Storing huge amount of data efficiently

Dario-Rosa85 · February 18, 2023, 2:00am

Hello,

I am performing some numerical computations and I have the necessity to run a huge (say, several thousand of iterations) for loop. Each iteration produces a certain amount of data that I need to store in the disk. For clarity, let’s say that each iteration produces a list of pairs (called graph) and a list of , around, 1000 real numbers (called spectrum). My current way to save the data is to create, before starting the loop, a file called, say, datafile.jld with two labels (the label spectra and the label graphs) and then at each iteration, store the data on it in the following way

file = JLD.load("datafile.jld")
push!(file["graphs"], graph)
push!(file["spectra"], spectrum)
JLD.save("datafile.jld", file)

However, although this method allows me to store the data in a clean way, I realized that it is very inefficient at the level of time and, more important, of memory. Indeed the file datafile.jld becomes soon very large and when I load it, the RAM saturates very fast and the system crushes.

What should I do? of course, a solution would be to store, temporarily, the data in many small temporary files (one file created for each iteration of the loop), and just at the end of the computation store everything in the jld file. But I am wondering whether there are better procedures.

Thanks

ufechner7 · February 18, 2023, 2:37am

I am using GitHub - apache/arrow-julia: Official Julia implementation of Apache Arrow to store my simulation results. See: User Manual · Arrow.jl

This can be very fast and efficient if your data can be represented in form of tables.
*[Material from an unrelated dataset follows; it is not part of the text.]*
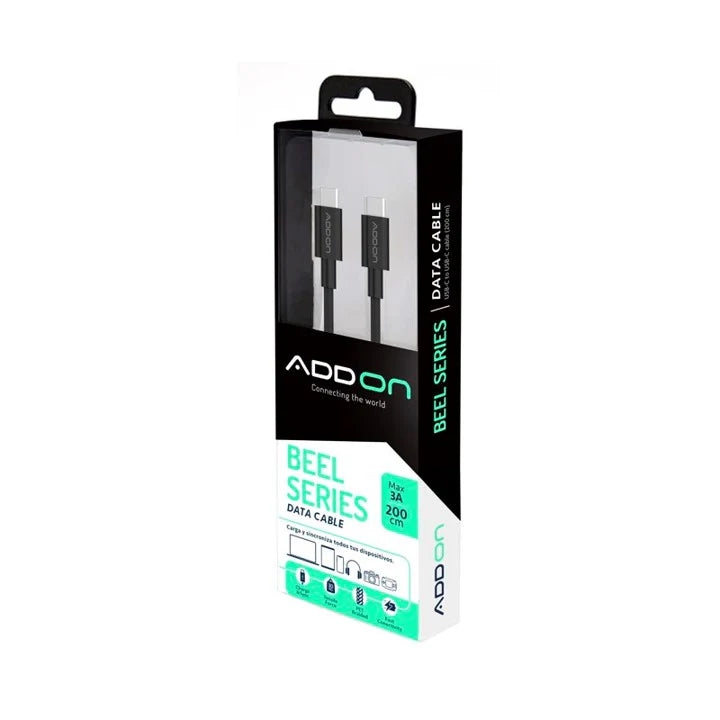 CABLE DE CARGA ADD ON USBA/USBC 2M - BLACK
But I don’t think that it works if your data is larger than your (virtual) memory.

Arrow allows larger-than-RAM datasets, but getting that right can be tricky: https://lists.apache.org/thread/cbfc9hjl4nofqkfk1lmo6bwlqnxz5x86

jling · February 18, 2023, 3:48am

with Arrow.jl, if you don’t have compression, the reading is just mmaped, so you can easily handle larger than RAM data set

johnh · February 18, 2023, 5:15am

As an HPC guy… “Many small files” Arooogah! Arooogah! Shields up! Red alert!

Seriously - many filesystems do not cope with well with huge amounts of small files.
Have a thought also for deep storage of your files - which eventually might be on tape.
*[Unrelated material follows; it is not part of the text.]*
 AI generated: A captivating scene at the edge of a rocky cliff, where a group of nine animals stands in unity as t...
As others reply here, give some thought to a suitable file format which keeps your data in single files. You are of course doing this by asking the question.

Dario-Rosa85 · February 18, 2023, 7:07am

Thanks! I will definitely check it. For me the important thing is to have the data well-organized and fast and memory efficient storage. In principle, the jld files were simply perfect but it looks that to add a new data I need to load the full file every time. this makes simply impossible to use this solution.

Dario-Rosa85 · February 18, 2023, 7:09am

Ehehehe I know very well that many small files is a terrible solution

Have a thought also for deep storage of your files - which eventually might be on tape.

what does it mean? can you give me an example?

As others reply here, give some thought to a suitable file format which keeps your data in single files.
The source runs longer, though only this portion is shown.